The authors use a physics Olympiad benchmark to evaluate models trained with reinforcement learning, showing that their P1-VL series outperforms both open-source and closed-source baselines in scientific reasoning, even without agent augmentation. When combined with multi-agent systems, the models achieve state-of-the-art results across multiple competitions, demonstrating that structured training and system-level collaboration significantly enhance complex problem-solving. The models also generalize well to other STEM domains, improving performance on text-only and multi-modal tasks while maintaining robust visual reasoning capabilities.

The authors use reinforcement learning to train P1-VL models, achieving top-tier performance on physics Olympiads and demonstrating strong generalization to other STEM domains. Results show that even smaller variants outperform larger baselines, and combining the model with agent frameworks further boosts scores, highlighting the value of integrated system design. The models also retain and enhance reasoning capabilities across text-only and multi-modal tasks, indicating effective vision-language alignment without catastrophic forgetting.

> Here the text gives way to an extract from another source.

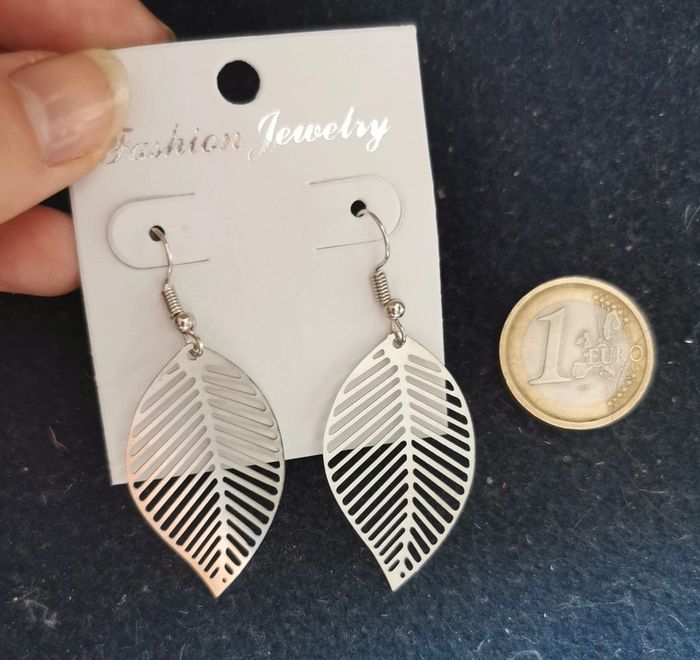 Boucles d'oreilles feuilles - photo numéro 2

The authors use a physics problem involving fluid mechanics and atmospheric pressure to evaluate model reasoning, requiring integration of visual schematics, tabular data, and symbolic equations. Results show the model correctly identifies behavioral regimes and computes precise force values across experiments, demonstrating robust alignment between visual perception and scientific calculation. This case underscores the model’s ability to sustain multi-step reasoning under real-world physical constraints without hallucinating invalid assumptions.

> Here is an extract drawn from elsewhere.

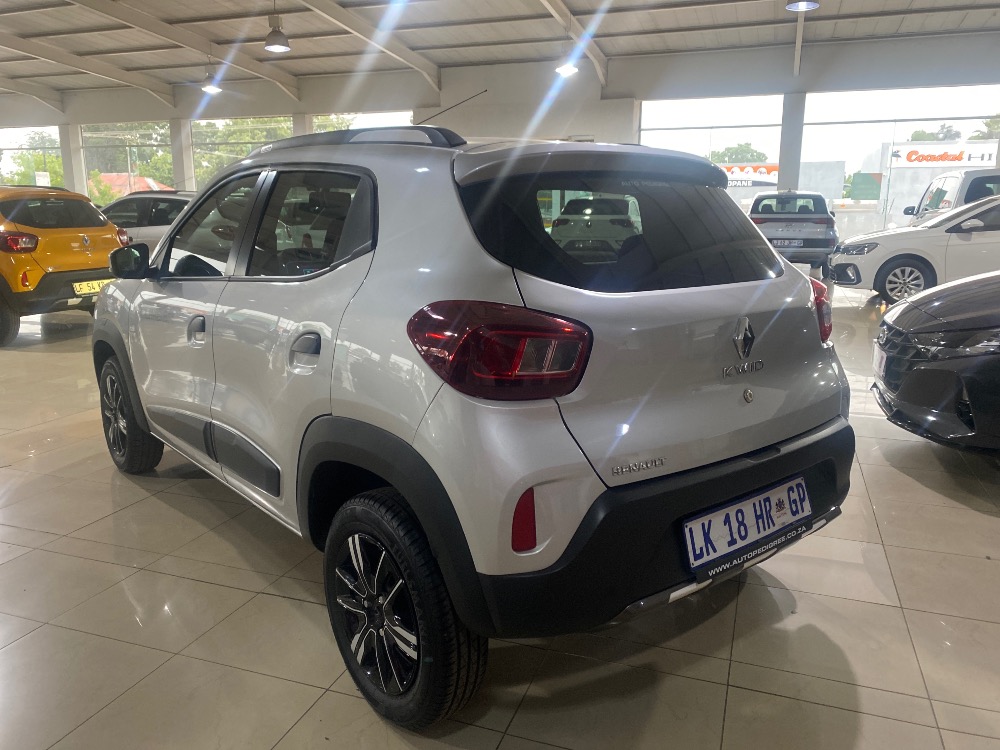 2023 KWID 1.0 CLIMBER 5DR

The authors use reinforcement learning to train P1-VL models, achieving top-tier performance on physics Olympiad benchmarks, with the largest variant ranking third among all models and outperforming several closed-source systems even without agent augmentation. When combined with the PhysicsMinions agent framework, the model climbs to second place globally, setting new state-of-the-art scores on multiple competitions, demonstrating that multi-agent collaboration significantly enhances complex scientific reasoning. Results also show strong generalization beyond physics, with consistent gains over base models across diverse STEM and multimodal benchmarks, indicating that domain-specific training does not compromise but rather amplifies broader reasoning capabilities.